- [What you are asked to do]: Pull out of the data below the stretch of lines bounded by the one containing "You want value" and the one containing "Hi everyone, welcome", both bounds included, unchanged.

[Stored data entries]
*** Block opens ***

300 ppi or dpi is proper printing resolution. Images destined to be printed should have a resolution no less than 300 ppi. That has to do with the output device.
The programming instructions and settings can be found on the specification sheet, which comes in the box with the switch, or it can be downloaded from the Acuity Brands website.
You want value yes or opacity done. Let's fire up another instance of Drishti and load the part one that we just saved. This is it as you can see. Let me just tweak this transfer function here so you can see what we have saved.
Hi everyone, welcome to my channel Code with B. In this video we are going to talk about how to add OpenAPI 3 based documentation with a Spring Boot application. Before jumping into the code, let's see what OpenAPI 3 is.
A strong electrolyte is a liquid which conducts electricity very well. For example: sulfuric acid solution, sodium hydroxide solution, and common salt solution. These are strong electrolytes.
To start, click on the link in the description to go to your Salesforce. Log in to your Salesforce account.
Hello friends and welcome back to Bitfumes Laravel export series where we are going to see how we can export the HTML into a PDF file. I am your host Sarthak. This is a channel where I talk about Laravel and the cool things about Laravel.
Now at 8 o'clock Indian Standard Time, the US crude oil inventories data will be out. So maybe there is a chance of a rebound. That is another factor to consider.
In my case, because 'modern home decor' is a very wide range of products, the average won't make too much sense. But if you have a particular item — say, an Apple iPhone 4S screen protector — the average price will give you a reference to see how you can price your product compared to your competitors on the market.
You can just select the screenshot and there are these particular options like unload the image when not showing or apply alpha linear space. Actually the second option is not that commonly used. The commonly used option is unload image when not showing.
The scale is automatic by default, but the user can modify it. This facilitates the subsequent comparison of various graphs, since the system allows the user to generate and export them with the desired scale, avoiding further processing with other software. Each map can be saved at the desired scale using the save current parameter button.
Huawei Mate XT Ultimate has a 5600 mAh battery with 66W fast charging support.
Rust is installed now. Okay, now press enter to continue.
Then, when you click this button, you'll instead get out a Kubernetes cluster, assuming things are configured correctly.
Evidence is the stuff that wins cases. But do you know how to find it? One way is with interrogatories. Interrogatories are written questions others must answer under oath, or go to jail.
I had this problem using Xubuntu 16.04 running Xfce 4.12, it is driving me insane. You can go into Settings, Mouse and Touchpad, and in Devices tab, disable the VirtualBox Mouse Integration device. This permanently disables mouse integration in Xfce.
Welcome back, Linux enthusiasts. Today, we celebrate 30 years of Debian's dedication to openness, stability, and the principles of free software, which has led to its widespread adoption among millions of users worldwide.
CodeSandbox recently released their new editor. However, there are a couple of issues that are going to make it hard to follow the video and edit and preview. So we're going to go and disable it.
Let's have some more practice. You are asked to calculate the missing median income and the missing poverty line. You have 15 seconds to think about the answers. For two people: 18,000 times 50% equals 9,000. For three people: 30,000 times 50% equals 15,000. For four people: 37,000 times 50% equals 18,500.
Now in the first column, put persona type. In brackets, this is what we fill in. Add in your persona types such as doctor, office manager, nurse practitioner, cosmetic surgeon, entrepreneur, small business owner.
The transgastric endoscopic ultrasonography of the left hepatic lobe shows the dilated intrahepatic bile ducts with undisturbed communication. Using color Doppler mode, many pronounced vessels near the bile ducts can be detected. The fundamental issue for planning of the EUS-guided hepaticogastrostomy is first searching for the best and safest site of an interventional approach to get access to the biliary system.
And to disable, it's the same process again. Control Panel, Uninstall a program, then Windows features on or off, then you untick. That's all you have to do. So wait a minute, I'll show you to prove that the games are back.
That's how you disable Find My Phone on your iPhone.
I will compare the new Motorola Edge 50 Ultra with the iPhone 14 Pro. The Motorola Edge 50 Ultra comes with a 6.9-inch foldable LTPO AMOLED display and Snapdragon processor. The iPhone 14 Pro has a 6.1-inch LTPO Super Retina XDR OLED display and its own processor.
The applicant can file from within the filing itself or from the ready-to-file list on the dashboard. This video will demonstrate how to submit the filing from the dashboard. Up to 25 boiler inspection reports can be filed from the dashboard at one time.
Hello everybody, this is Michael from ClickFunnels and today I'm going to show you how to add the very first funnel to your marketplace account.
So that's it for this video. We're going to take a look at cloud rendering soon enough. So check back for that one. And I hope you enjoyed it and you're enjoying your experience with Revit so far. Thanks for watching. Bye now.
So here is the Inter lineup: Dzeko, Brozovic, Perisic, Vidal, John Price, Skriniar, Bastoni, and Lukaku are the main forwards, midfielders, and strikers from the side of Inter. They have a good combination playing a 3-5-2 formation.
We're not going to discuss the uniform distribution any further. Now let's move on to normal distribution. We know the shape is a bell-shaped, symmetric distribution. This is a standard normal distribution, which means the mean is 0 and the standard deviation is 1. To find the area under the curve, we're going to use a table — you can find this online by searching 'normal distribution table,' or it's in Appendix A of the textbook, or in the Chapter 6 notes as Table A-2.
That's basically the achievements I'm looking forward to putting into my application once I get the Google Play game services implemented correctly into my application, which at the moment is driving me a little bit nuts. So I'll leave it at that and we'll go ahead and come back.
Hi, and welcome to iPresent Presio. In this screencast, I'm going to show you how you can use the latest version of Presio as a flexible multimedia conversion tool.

*** Block closes ***

- [Solution below]:
You want value yes or opacity done. Let's fire up another instance of Drishti and load the part one that we just saved. This is it as you can see. Let me just tweak this transfer function here so you can see what we have saved.
Hi everyone, welcome to my channel Code with B. In this video we are going to talk about how to add OpenAPI 3 based documentation with a Spring Boot application. Before jumping into the code, let's see what OpenAPI 3 is.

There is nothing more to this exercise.